So, LJ and I were discussing in the comments to the previous post how terrifying all the talk about Iran is. The Seymour Hersh New Yorker article that everybody is talking about makes it sound like: 1) The Iranians are crazy, nobody knows how soon they will have nuclear weapons, but we know they want them. 2) George Bush and company are crazy, they are considering all sorts of unwise military options on Iran, and are seriously thinking about using tactical nuclear weapons to take out Iran's nuclear and military facilities.
Scary stuff indeed. I have no real way of evaluating how reliable this information is, but it seems possible that this portrayal is accurate. For now at least, Bush scares me more than Iran in this confrontation because his actions are less constrained by outside forces than Iran's. He apparently sees himself as the only one with the guts to confront this threat, and regime change is the ultimate goal. I don't need to tell you what a bad idea using nuclear weapons is.
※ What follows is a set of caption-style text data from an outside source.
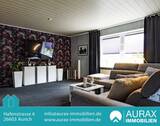 Wohnung im EG - Wohnzimmer - Mehrfamilienhaus, Wohnhaus in Großheide zum Kaufen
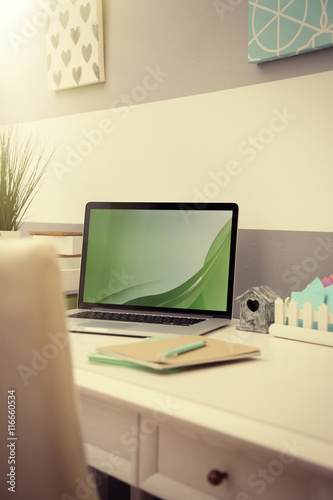 Stylish workplace with laptop at home, closeup © Africa Studio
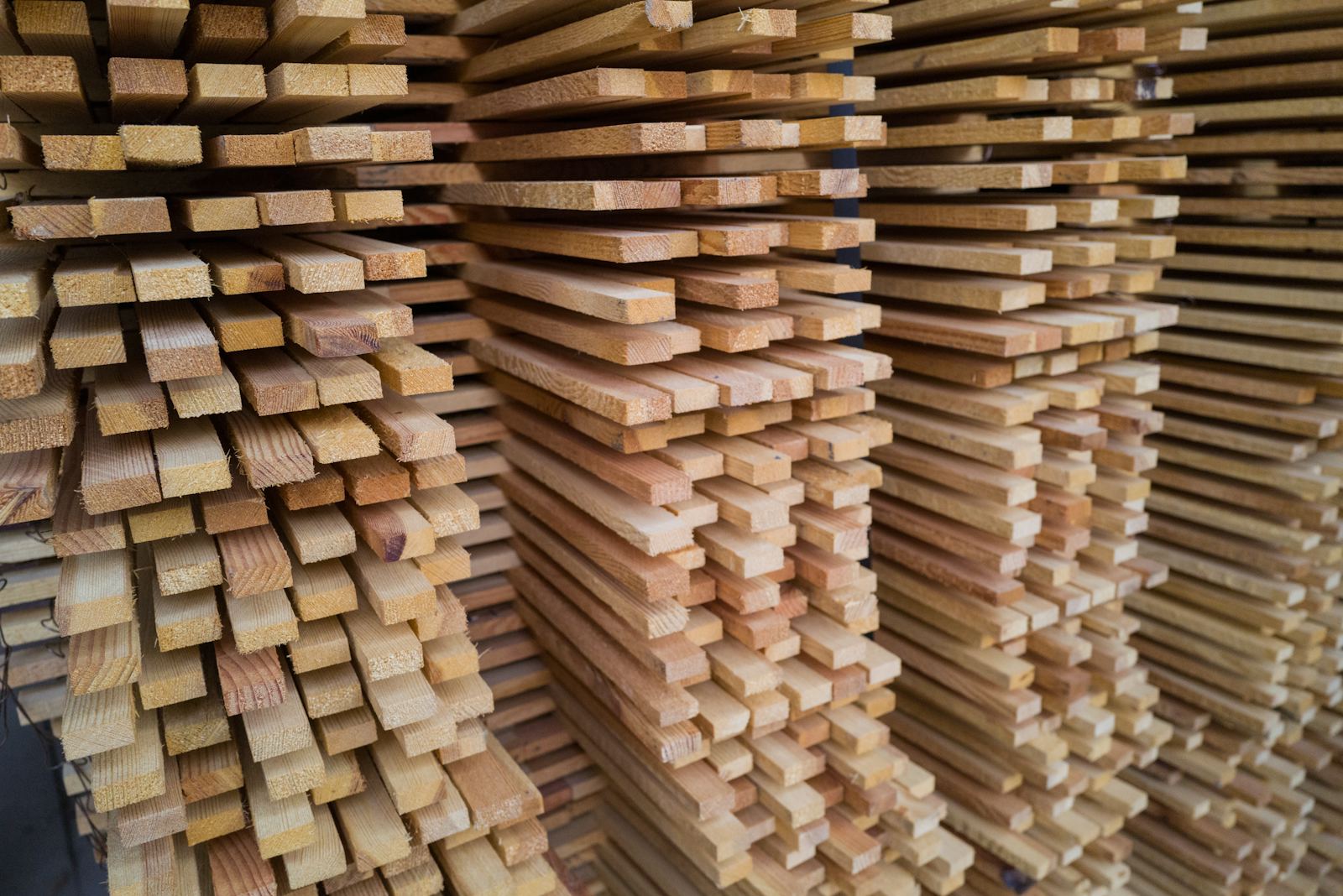 Sawn timber planks stacked in the yard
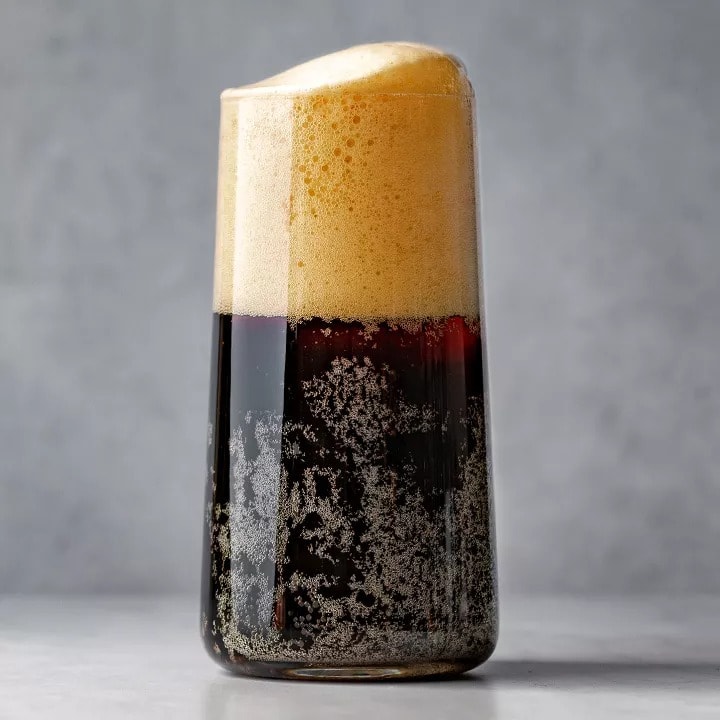 A glass of Black Velvet beer with foam in it.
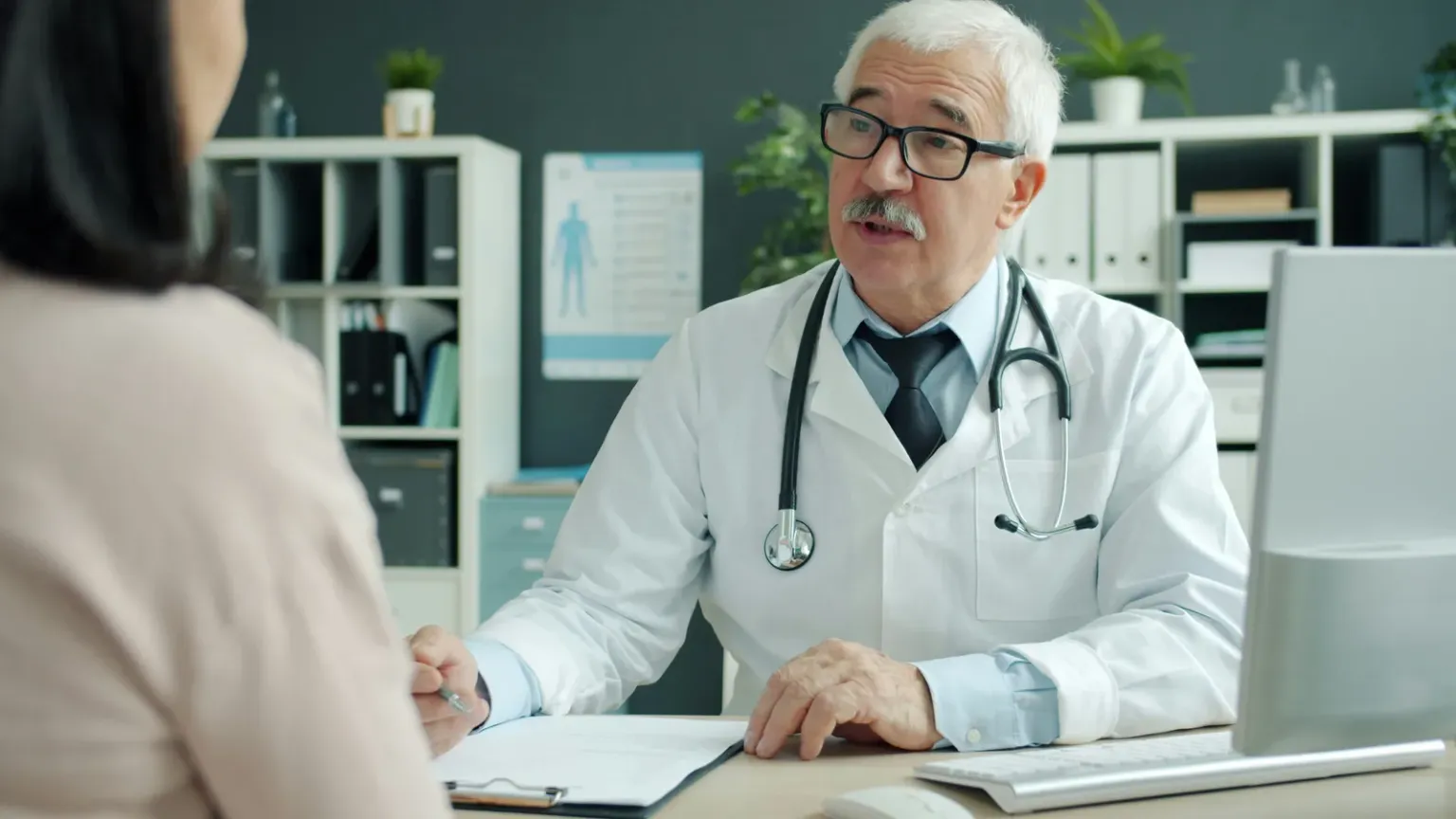 Doctor seated at a desk speaking with a patient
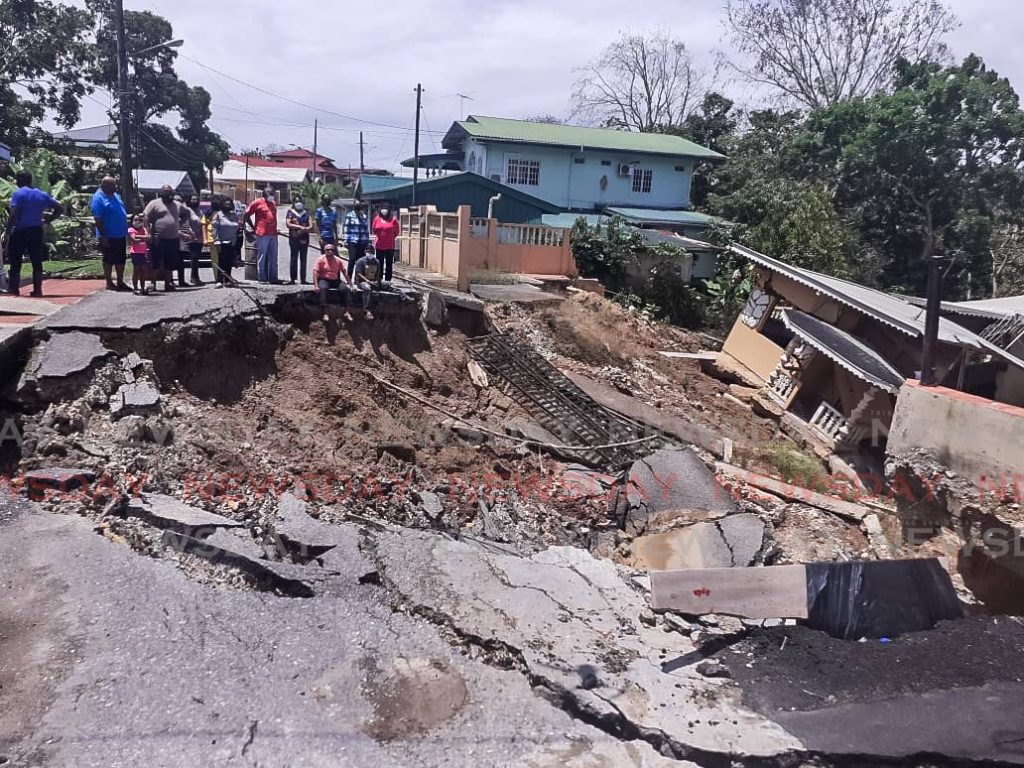 LIVING IN FEAR: Concerned residents of Mandingo Road, Princes Town look at the landslip which has disrupted their lives. - Photo by Laurel Williams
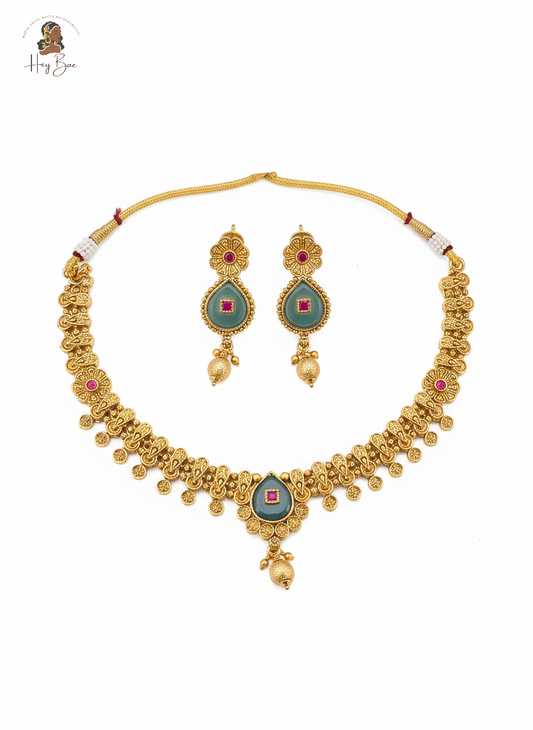  HeyBae antique gold necklace set with teal and ruby stones with gemstones on a white background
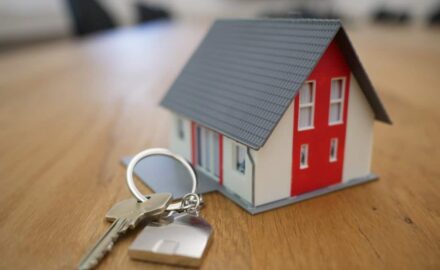 miniature white and red wooden house on a brown table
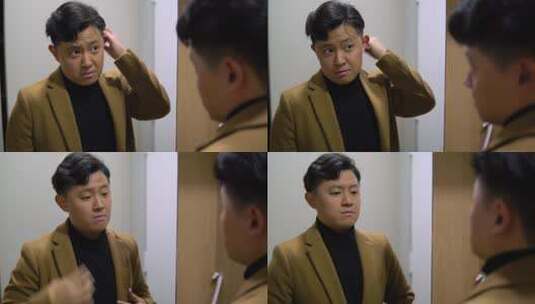 穿着西装的年轻亚洲男子在镜子前整理头发和夹克高清在线视频素材下载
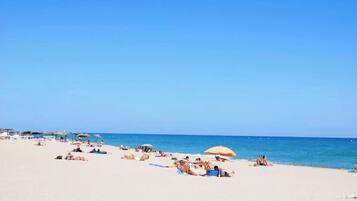 A beach with people sunbathing and swimming, umbrellas, and beach chairs.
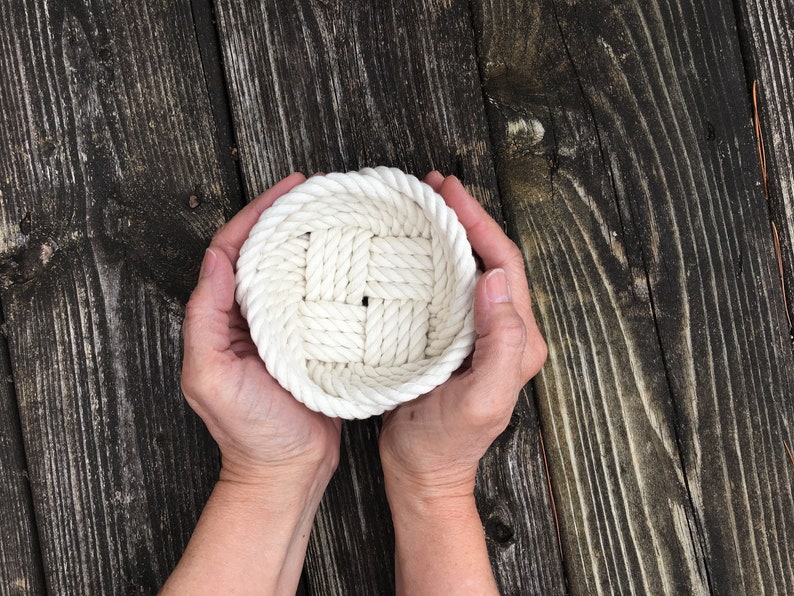 May include: A white rope basket with a woven pattern, held in two hands.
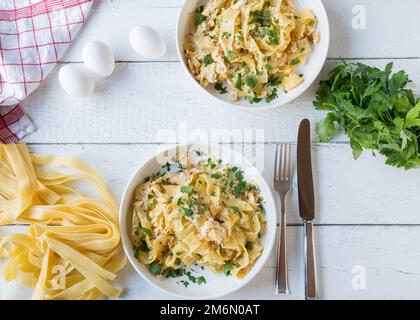 Tagliatelle noodles with scrambled eggs and parsley on plates served on white background with ingredients Stock Photo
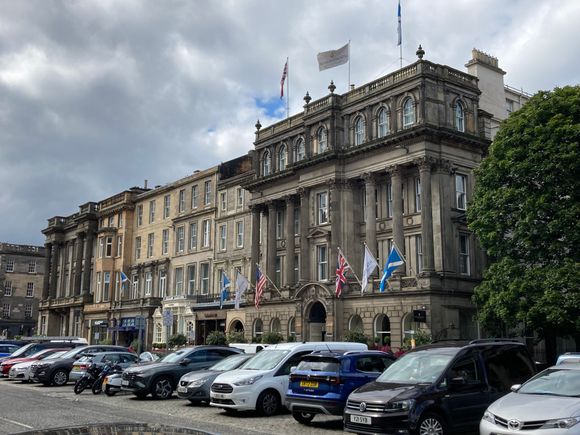 The hotel consists of multiple connected building : the right pillared building is the main entrance with reception and the lobby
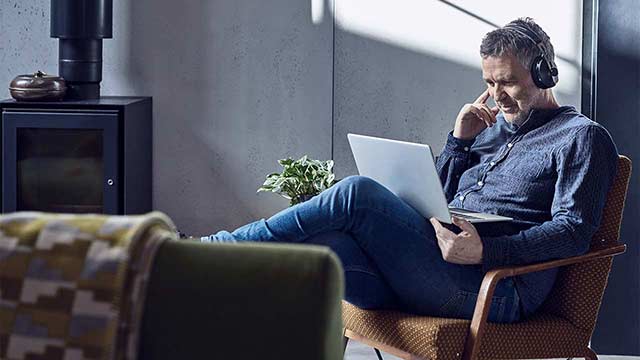 Mature man listening to music on laptop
Josh Marshall over at Talking Points Memo has been pointing out that the Iran threat talk bears a striking resemblance to administration strategy in the lead-up to our invasion of Iraq. So one logical line of inquiry is whether the threat is as severe as it is portrayed. Today, Josh notes one indicator pointing in the direction of over-hyping the threat: playing up the off-the-wall radicalism of the current president, while everyone spent the entire term of the former president (a moderate reformer) observing that his changes didn't really matter because all the power lies with the sane-but-hard-right Ayatollah Khamenei.
Not that this means there is nothing to worry about. But we'd be wise to try to figure out how much exaggerating is being done.